For every $1 spent, how many $ is generated back?
Pretty important question. Right?
In practice, both metrics LTV & CAC are flawed in answering this correctly.
Both on the acquisition side and on the retention side.
Here’s why
CAC Doesn’t consider other variable costs
It might work for software subscription businesses as other variable costs of delivery are minimal if not zero.
In ecommerce, the cost to deliver a physical product includes COGs (cost of goods sold) & 3PL partners (logistics & fulfillment)
CAC alone doesn’t account for how much it costs to get the product in the customer’s hand.
Unpredictable LTV
DTC brands, if not on a subscription or don’t have reliable historical subscription data, can’t accurately predict the LTV.
With scale, LTV mostly goes down.
Secondly, most brands don’t have cash flows to wait for 6 months or a year for returns.
They will run out of business before they realize their LTV.
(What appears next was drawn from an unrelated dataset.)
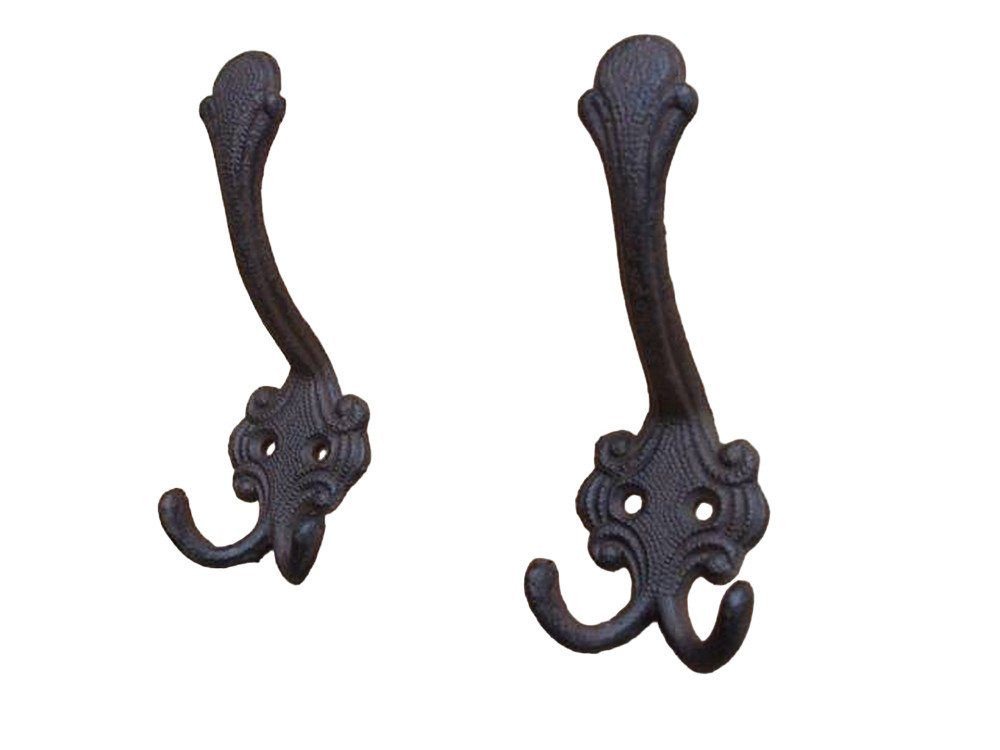 Deko-Impression Garderobenhaken 2-er Set 2 St. verzierte gusseiserne Wandhaken Wandgarderobe braun (2 St) von Deko-Impression
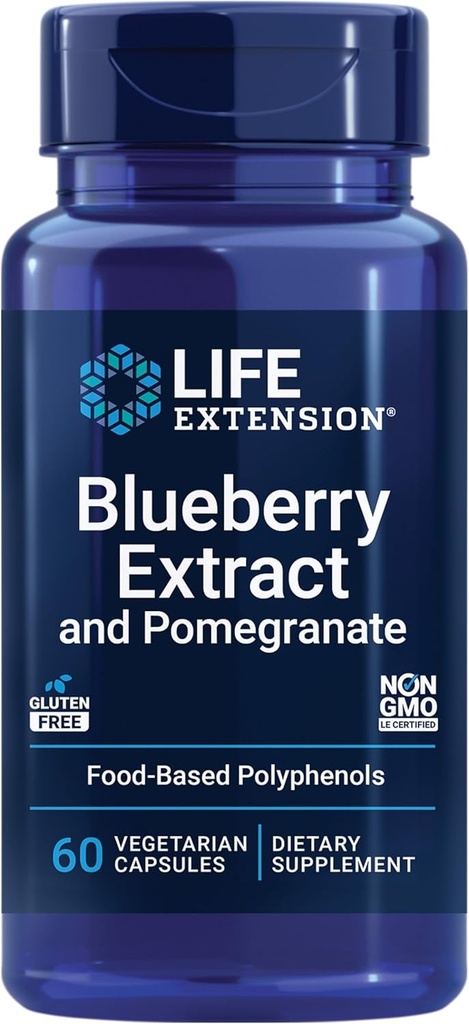 Life Extension Blueberry Extract and Pomegranate, artal Health Support, antioksidan Savunma, Gluten-Free, Non-GMO, Vegetarian, 60 Vegetarian Capsules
Even if you can predict the LTV safely, if it’s taking you more than 1 purchase to break even, the cash cycles will be severely restricted.
So LTV: CAC is not telling the right answer.
Back to the key question –
How much money you are making from each customer?
Contribution margin (CM) is a great metric to understand your profits on a single purchase.
For a lifetime, you can find the repeat purchase rate in the next 60 or 90 days.
Multiply that percentage by your contribution margin on a single acquisition. That’s your profit from a single customer.
But again repeat purchase is not free.
In short, DTC brands should break even on the first purchase or at least in the first month to grow faster.
Don’t rely on LTV: CAC to judge your marketing efforts, for both acquisition and retention.
It might be leading to wrong insights.